--- Task goal ---
The data below holds the lines to copy: everything from the line containing "Le grand dieu Pan" to the line containing "Marc O'Polo Espadrilles in Black", both ends included, set down exactly.
━━━━━━━━━━
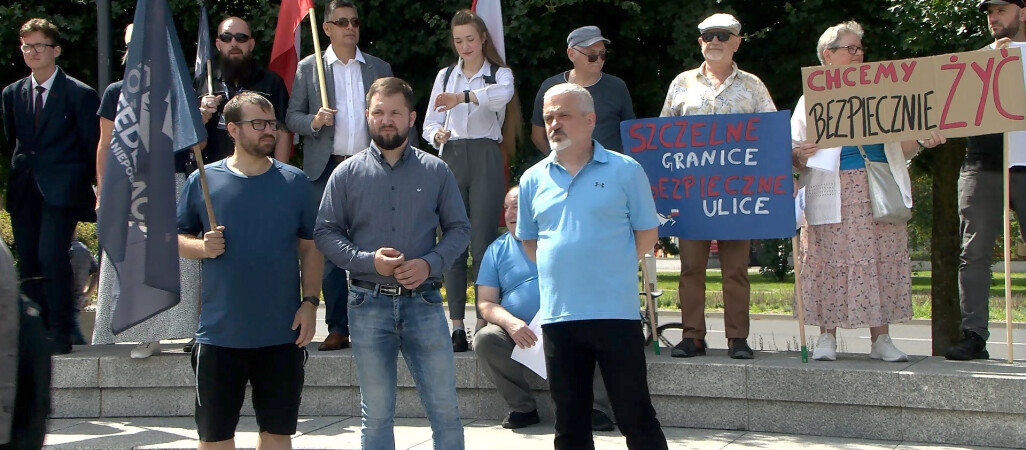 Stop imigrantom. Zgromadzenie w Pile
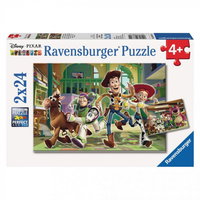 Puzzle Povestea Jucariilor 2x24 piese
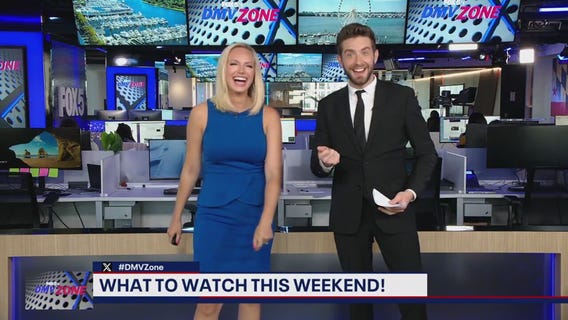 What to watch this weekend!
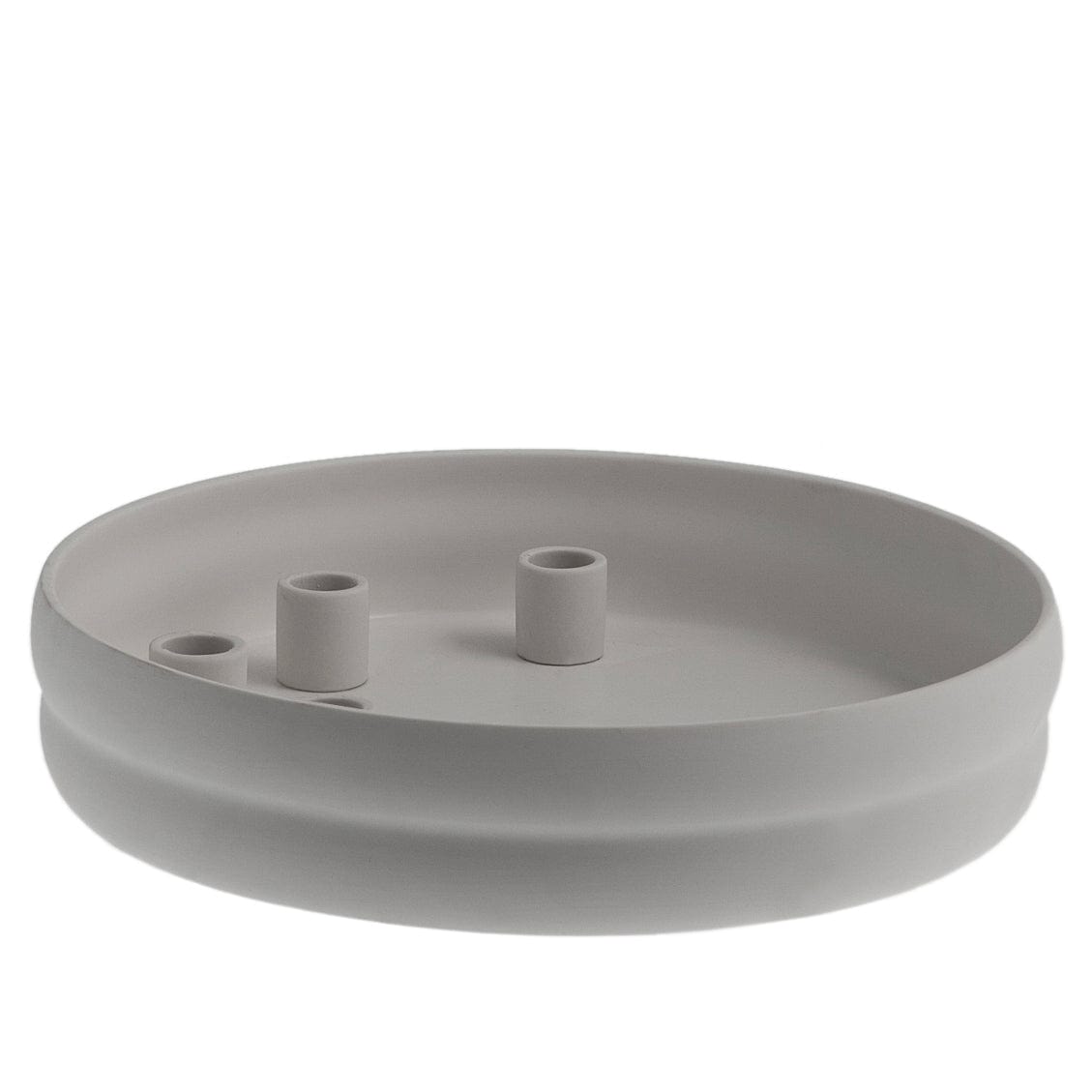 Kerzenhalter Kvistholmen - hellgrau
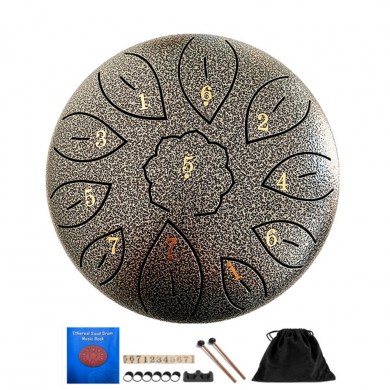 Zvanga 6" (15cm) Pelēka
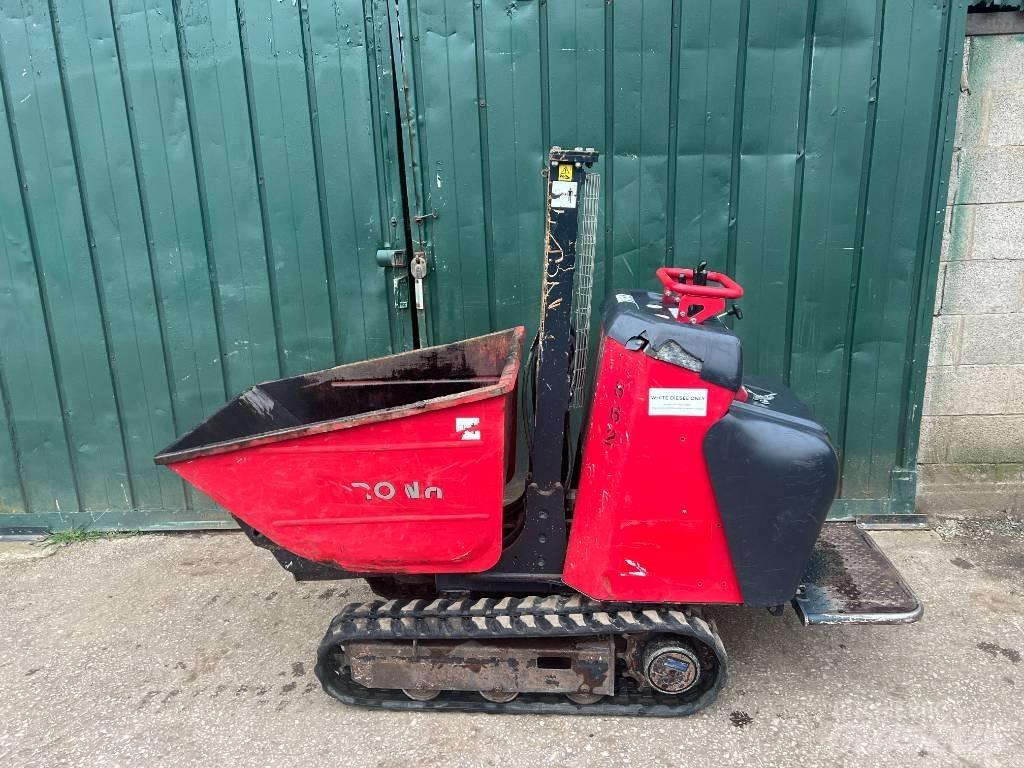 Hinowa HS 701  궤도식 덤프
━━━━━━━━━━
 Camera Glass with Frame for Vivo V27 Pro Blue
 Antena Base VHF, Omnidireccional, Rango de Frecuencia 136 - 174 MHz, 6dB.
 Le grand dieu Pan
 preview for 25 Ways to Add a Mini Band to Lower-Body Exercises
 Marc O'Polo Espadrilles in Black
━━━━━━━━━━
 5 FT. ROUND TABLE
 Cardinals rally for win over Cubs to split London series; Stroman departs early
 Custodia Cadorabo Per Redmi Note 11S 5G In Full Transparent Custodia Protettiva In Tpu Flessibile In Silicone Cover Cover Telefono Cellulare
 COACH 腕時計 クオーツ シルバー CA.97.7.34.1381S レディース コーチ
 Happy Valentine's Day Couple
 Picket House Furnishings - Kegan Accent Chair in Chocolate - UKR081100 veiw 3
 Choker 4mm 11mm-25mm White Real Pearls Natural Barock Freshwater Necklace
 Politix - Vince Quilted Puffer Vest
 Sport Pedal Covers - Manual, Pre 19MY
━━━━━━━━━━
--- Solution to the problem ---
 Le grand dieu Pan
 preview for 25 Ways to Add a Mini Band to Lower-Body Exercises
 Marc O'Polo Espadrilles in Black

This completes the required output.